And ipso facto he's qualified to be prezident.

“The first thing that came to mind after seeing him is that he has a strong personality,” said New Hampshire state Representative Joe Hagan, a Republican from Chester, who attended Christie’s town hall meeting in Sandown on Tuesday night.

Privately his aides note that Christie is trying, in part, to use the playbook of Republican John McCain’s win in the 2000 New Hampshire primary.

Like McCain back then, he is essentially skipping Iowa, running an underdog campaign on the cheap, and hoping his big personality will win people over at endless town hall meetings at VFW halls, schools, diners, and even bars.

Whether this approach will work is unclear.

Sarah Crawford Stewart, a key New Hampshire aide to McCain in both his 2000 and 2008 victories, said Christie faces a more complicated campaign than McCain did 16 years ago.

“Back then, McCain was the only Republican really going after independent voters who can vote in the Republican primary,” Crawford Stewart said. “I think there is a lot of opportunity in that space this year, and more Republican candidates are going to be going after that group later in the campaign than even these candidates realize.”
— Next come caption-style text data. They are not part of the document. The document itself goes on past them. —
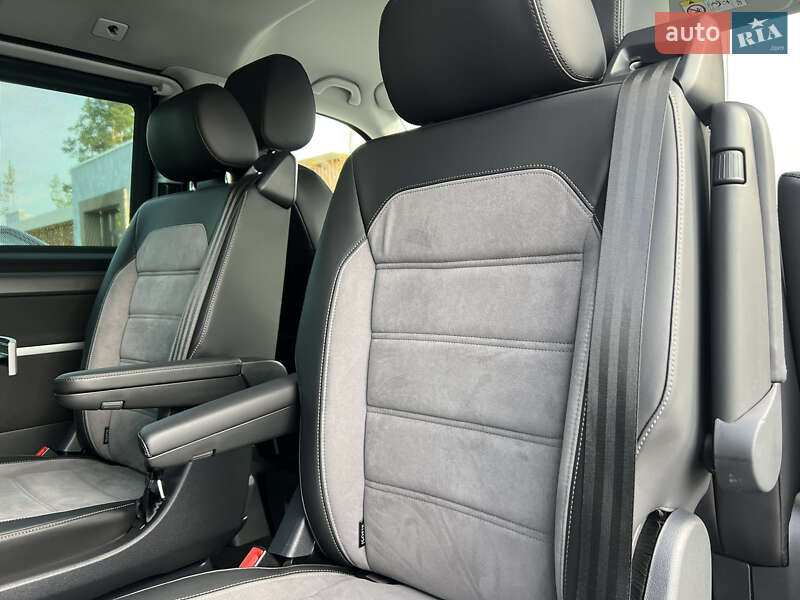 Минивэн Volkswagen Multivan 2020 в Киеве
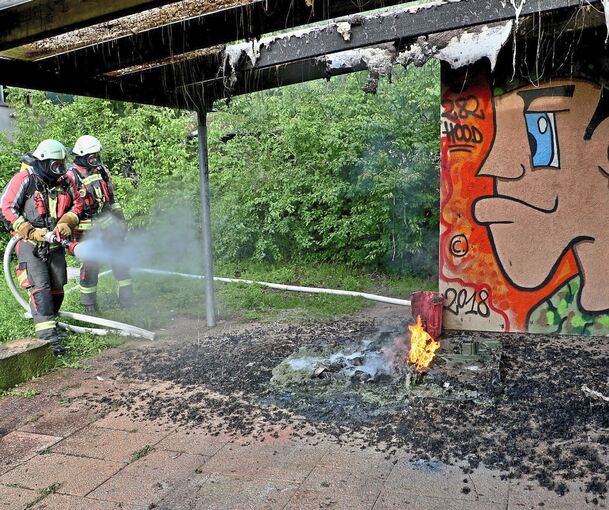 Die Feuerwehr löschte die restlichen Flammen.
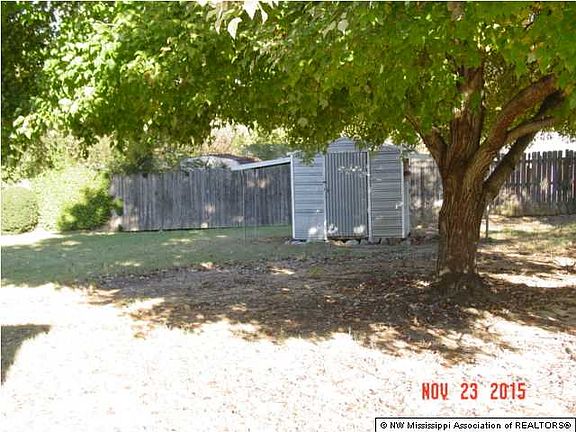 3rd image of 8364 Conerly Dr E
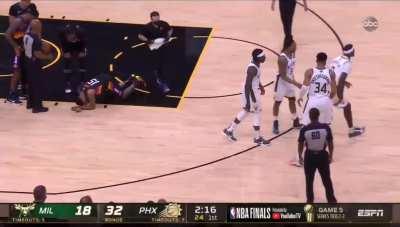 [Highlight] Bobby Portis elbows Cam Payne in the face, and manages to injure himself on Payne’s ankle at the same time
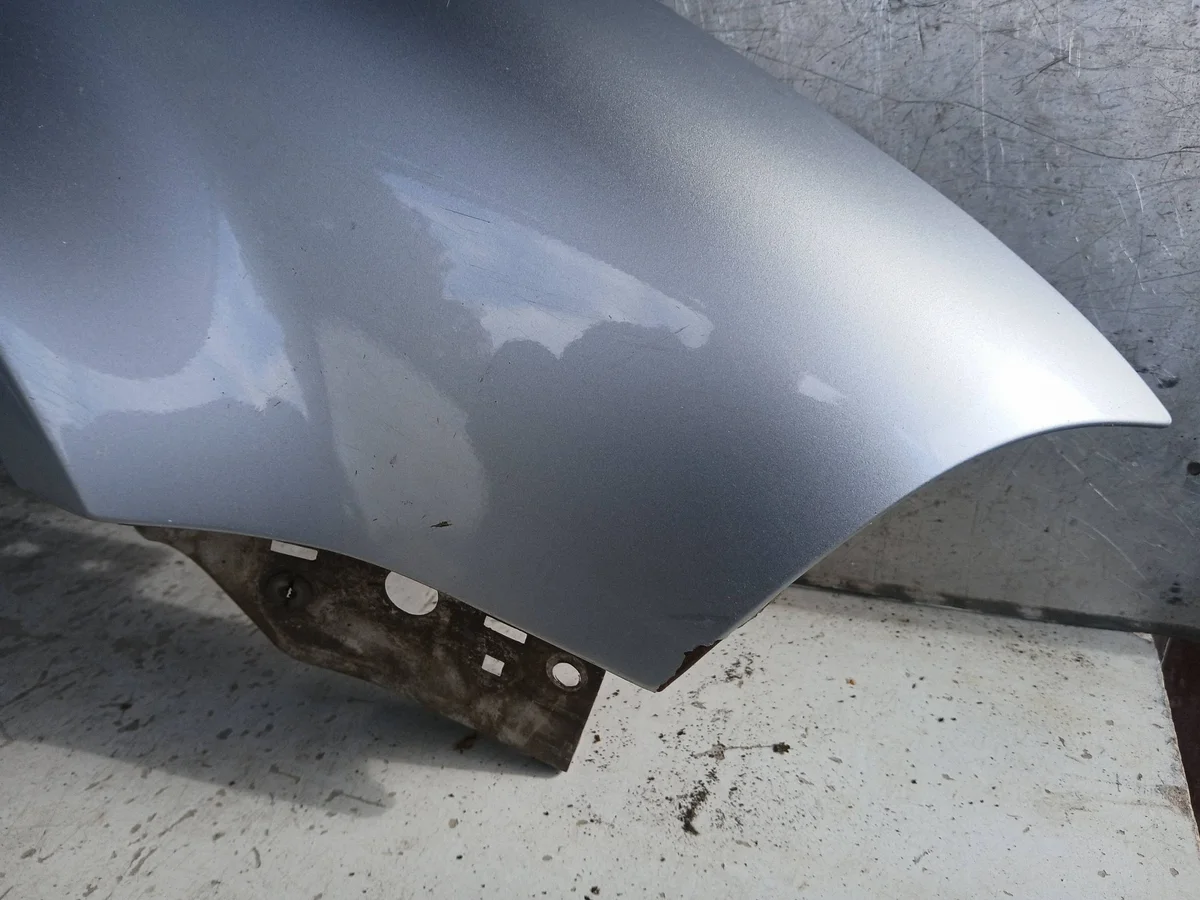 VW Passat B5 FL Right Front Fender 53H35 image 3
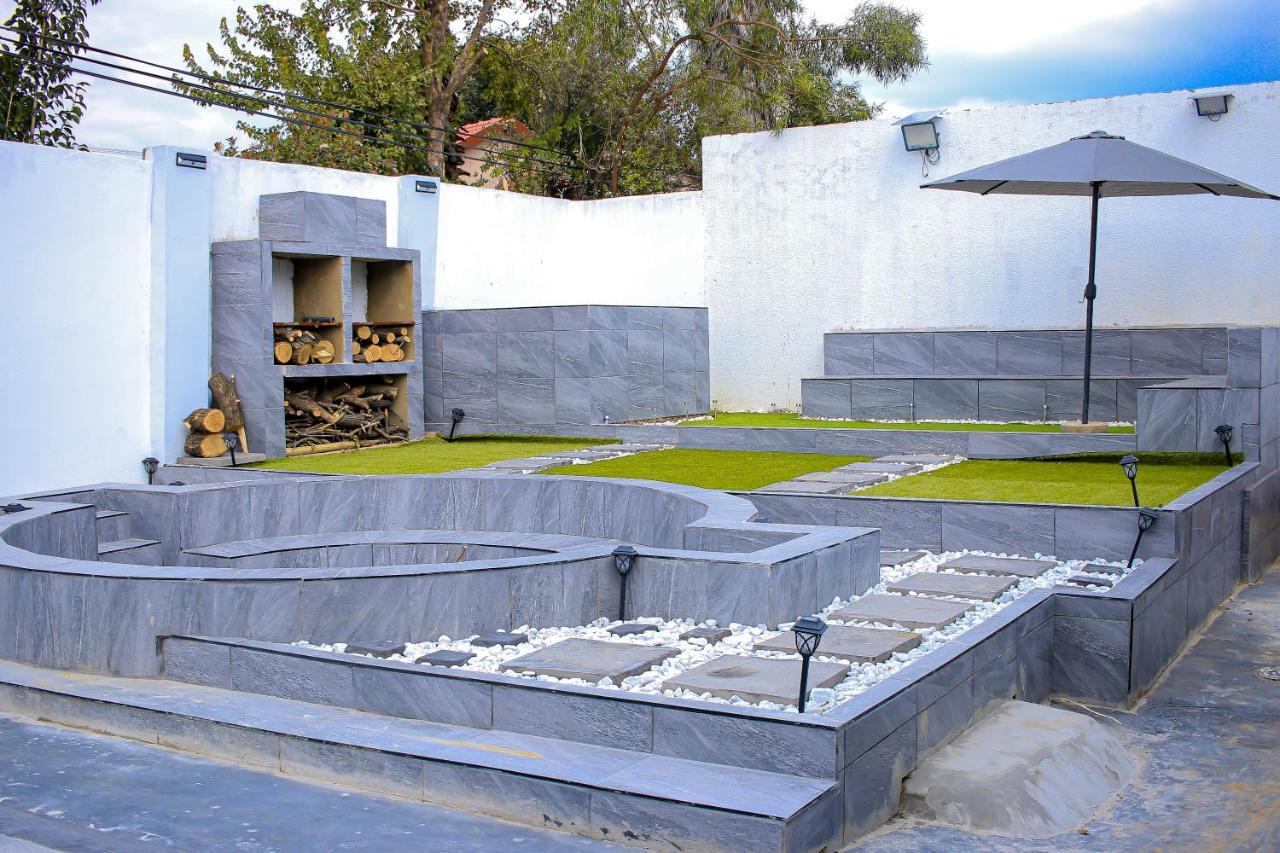 Semeni Asante 4* Johannesburg
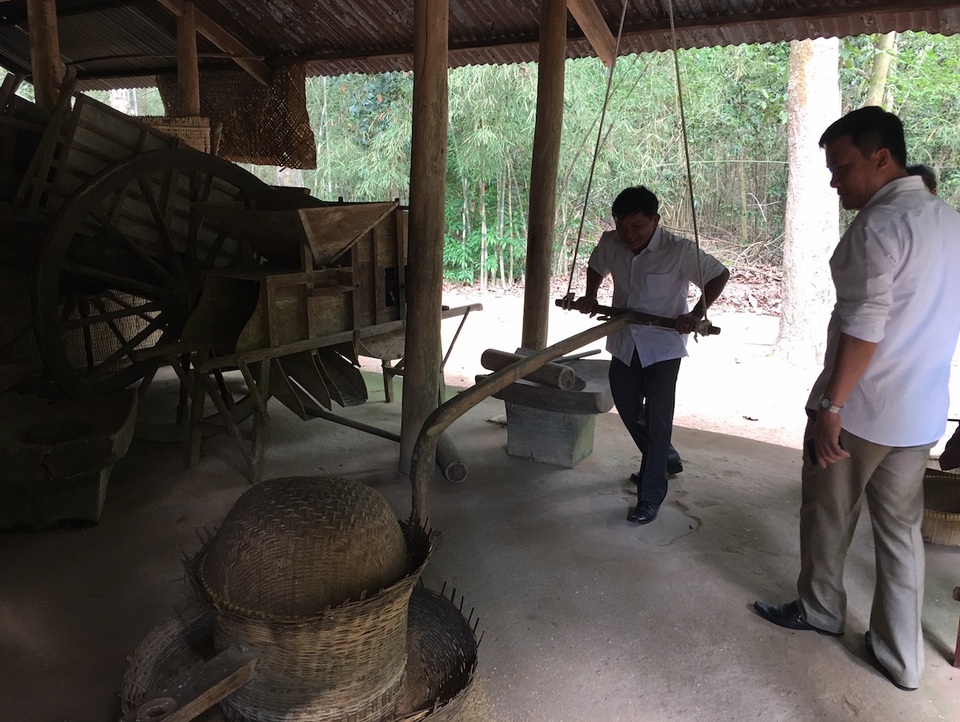 Đến địa đạo Củ Chi "trải nghiệm" cuộc chiến từ trong lòng đất! - 5 Đến địa đạo Củ Chi "trải nghiệm" cuộc chiến từ trong lòng đất! - 5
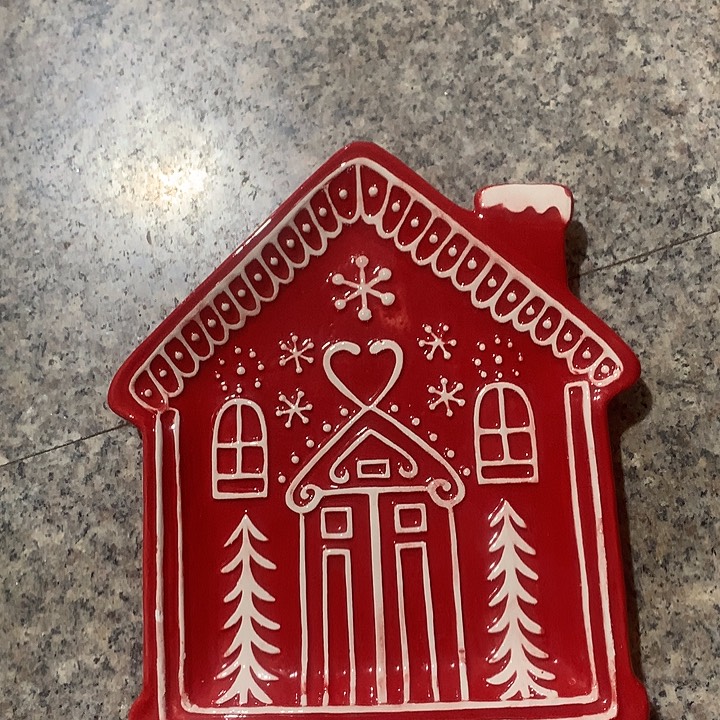 陶瓷红色陶瓷房子盘子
Still, Christie’s performance at the 138 town hall meetings he has held in New Jersey made him a prominent national politician. Christie aides believe they can recreate the magic of his YouTube town hall moments in another state.

“Christie is an excellent campaigner in small groups — he is engaging and funny, and can connect,” said David Redlawsk, who heads up the Rutgers-Eagleton Poll in New Jersey.

Jodi Nelson, vice chairwoman of the Derry Republicans, said Christie is standing out by being a truth-teller.

9/11 is the litmus, and his state just across the river.

“At this point in the contest, people are just trying to get a sense of all of these candidates, and Christie is someone out trying to meet everyone,” Nelson said.

Boston College political science professor Dave Hawkins says Christie is bringing a different style of campaign than McCain did.

“Their approach to what they call ‘straight talk’ is different,” Hawkins said. “McCain used humor and tried to bring everyone together. He called for campaign finance reform and an end to pork-barrel spending as a way to demonstrate he was an honest broker against the system.”

McCain was the great truth-telling unifier? 

Putting aside his (perhaps understandable, but not now) bias against Asians, he was involved with obfuscating MIA investigations in Vietnam as well as a member of the Keating five. But his image? Honest broker, good guy.

Christie tries to earn points by going after political opponentsliberals, Democrats, and teachers’ unions, Hawkins said.

Kind like being a.... gulp.... bully?

“McCain also had an inspiring war hero biography that was central to his story,” he said. “When people think of Christie, they think of a brash New Jersey guy who yells at people.”

When Joe Piscopo did it, it was funny.

But these days Christie is doing less yelling. His style, he says, is “take or leave it.”

Okay. (I'm leaving it).

“I am going to tell you what I think. If you like it, great. And if you don’t, my goodness, there are 13 other candidates to pick from, so you will find somebody who you agree with more than you agree with me. But you need to know what you are buying,” Christie said. 

Sigh. (See above comments about being "sold" candidates)

To Jeff Pattera of Sandown, that approach puts Christie in the top tier of candidates he might support in the February presidential primary.

In modern politics, Pattera said, Christie’s personality “is refreshing.”

Translation: He is a back-up plan should Bush, Rubio, or Walker stumble.